Discrepancy between radiological and pathological sizes of renal masses.
- Author:
Ji-wei HUANG
1
;
Bai-jun DONG
;
Jin ZHANG
;
Wen KONG
;
Wei XUE
;
Dong-ming LIU
;
Yi-ran HUANG
Author Information
- Publication Type:Journal Article
- MeSH: Diagnostic Imaging; Humans; Kidney; diagnostic imaging; pathology; Kidney Neoplasms; diagnostic imaging; pathology; Prognosis; Retrospective Studies; Tomography, X-Ray Computed
- From: Chinese Journal of Oncology 2013;35(6):429-433
- CountryChina
- Language:Chinese
-
Abstract:
OBJECTIVETo investigate the differences between tumor sizes measured by preoperative computed tomography (CT) imaging and pathologic examination of surgical specimens in Chinese patients who received extirpative surgery for renal tumors.
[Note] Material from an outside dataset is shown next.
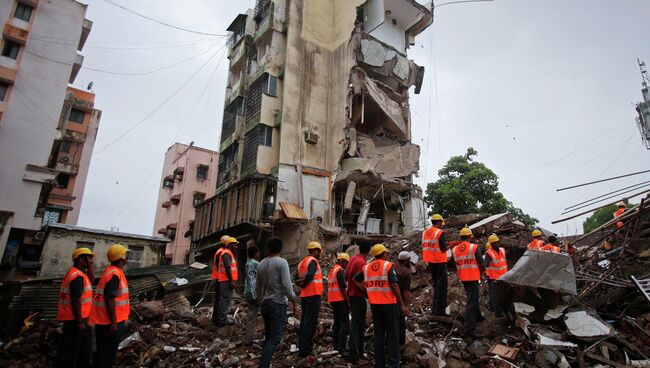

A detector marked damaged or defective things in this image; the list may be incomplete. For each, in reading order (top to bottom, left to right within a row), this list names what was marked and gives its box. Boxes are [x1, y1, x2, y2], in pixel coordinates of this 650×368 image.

damaged multi-story building [191, 0, 430, 264] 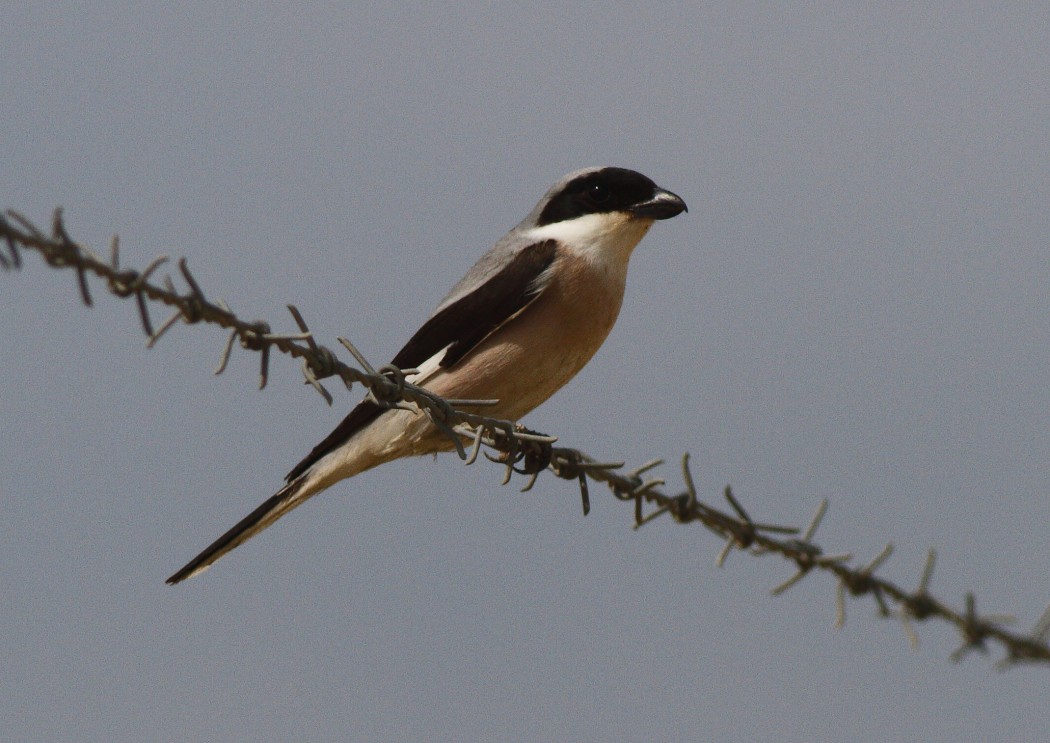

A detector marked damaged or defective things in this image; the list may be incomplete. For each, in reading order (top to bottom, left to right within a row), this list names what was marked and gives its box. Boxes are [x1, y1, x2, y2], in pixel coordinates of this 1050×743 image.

METHODSFrom September 2008 to September 2010, 204 patients with renal tumors treated in the Renji Hospital were enrolled in this study, and their clinicopathological data were collected and analyzed. The paired Student's t-test was used to compare the mean radiological tumor maximum diameter and the mean pathological tumor maximum diameter. All cases in which post-operative down-staging or up-staging occurred due to the discrepancy between radiological and pathological tumor maximum diameters were identified. In addition, the relationship between radiological and pathological tumor maximum diameters and histological subtypes was analyzed.
RESULTSOverall, the radiological mean maximum diameter of tumors on CT was 48.3 mm and the pathological mean maximum diameter was 47.0 mm. On average, CT overestimated pathological size by 1.3 mm (P = 0.018). CT overestimated pathological tumor size in 111 (54.4%) patients, underestimated in 71 (34.8%) patients and equal pathological size in 22 (10.8%) patients. Among the 190 patients with pT1 or pT2 tumors, there was a discrepancy between clinical and pathological staging in 35 (18.4%) patients. Of these, 29 (15.3%) patients were down-staged post-operatively and 6 (3.2%) were up-staged. When subjects were categorized according to radiographic tumor size associated with clinical stage, statistically significant difference (average of 1.76 mm) was observed between radiographic and pathologic maximum diameters ranging 41-70 mm (P = 0.035). For clear cell carcinoma, mean radiographic tumor maximum diameter was significantly larger than the pathologic maximum diameter by 1.69 mm (P = 0.003).
CONCLUSIONSThere is a statistically significant but small difference (1.3 mm) between mean radiological and mean pathological tumor maximum diameters. For some patients, this difference leads to a discrepancy between clinical and pathological staging, which may have implications on pre-operative clinical decision and prognosis prediction.